Films have only rarely explored the role of black GIs and swabbies in the “Good War,” stage plays even less often, so Leaf is to be commended in unearthing the 1944 events around San Francisco’s East Bay as evidence of how cruelly they were employed. Most volunteered for combat but, underestimated and considered dispensable, they were shunted into backbreaking but dangerous menial tasks like loading ordnance onto transport ships.
When two vessels exploded on July 17, 1944, two-thirds of the 320 dead were African-Americans. And when hundreds of survivors balked at further ammo-hauling without safety precautions, it wasn’t insubordination but mutiny with which 50 were charged — the largest such case in U.S. naval history.
Leaf has done the research but has not translated it into genuine drama. Exposition is shoveled out in ho-hum direct address, with multiple meaningful pauses inserted as if fearing we would otherwise fail to appreciate the situation’s gravity.

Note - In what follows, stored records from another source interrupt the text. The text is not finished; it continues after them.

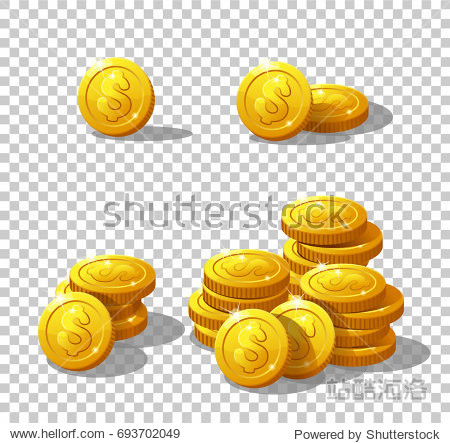 set of cartoon coin for web game or interface.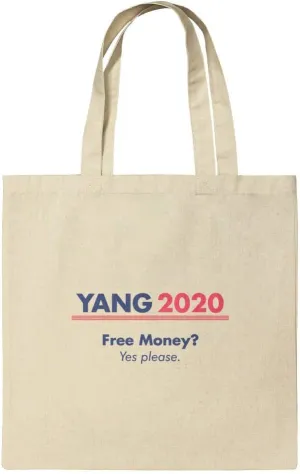 GRAPHICS & MORE Yang 2020 Free Money Universal Basic Income Grocery Travel Reusable Tote Bag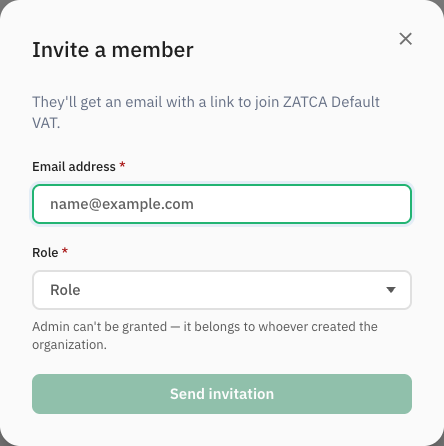 The Invite a member dialog: Email address, Role and Send invitation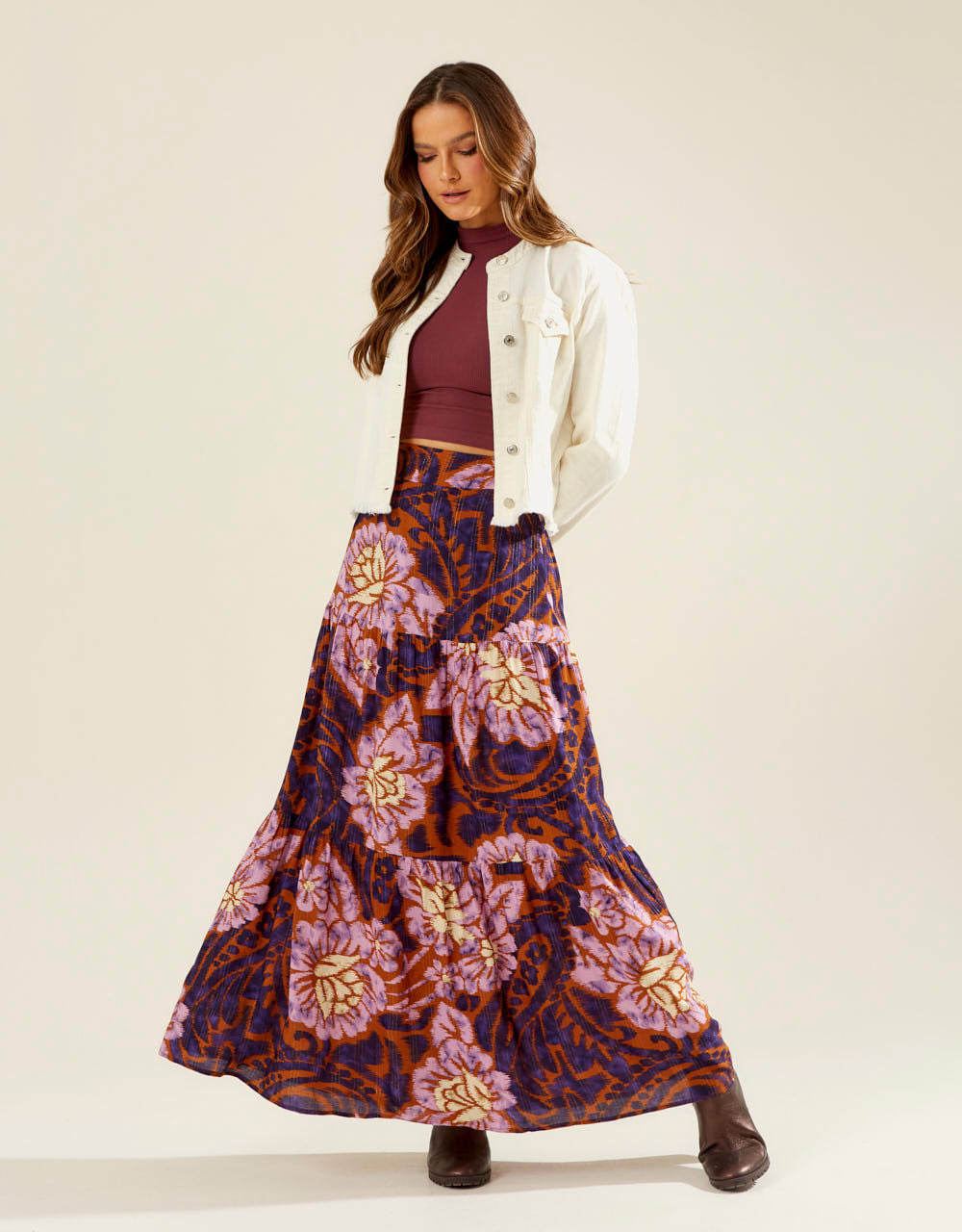 Saia Longa Estampada Violeta - Caramelo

The four strong thesps chosen to represent the accused 50 (Pedro Coiscou, Durant Fowler, and especially Eric Bivens-Bush and J. Teddy Garces) engage in persuasive service roughhouse, and get in some good licks while on the witness stand. There’s tension in the courtroom scenes, even in a patently kangaroo court whose inquisition holds no mysteries because any question of the men’s innocence has already been cleared up for us.
But again, it’s as if the story can’t be trusted to evoke the right emotions, for the seamen are all written as one-dimensionally noble, while the top brass are a snarling pack of unregenerate racists and snobs, not a moral qualm among the bunch. (One of the worst of these men issues a shamed mea culpa during the epilogue, but since there’s no hint of ambivalence in his character up to that point, the reversal doesn’t convince.)
The underreported Port Chicago tragedy continues to await a mature, complex telling. In the meantime, helmer Leaf — who breaks up his play’s rhythms with needless clunky blackouts — should issue his officers a direct order to take greater command of their lines.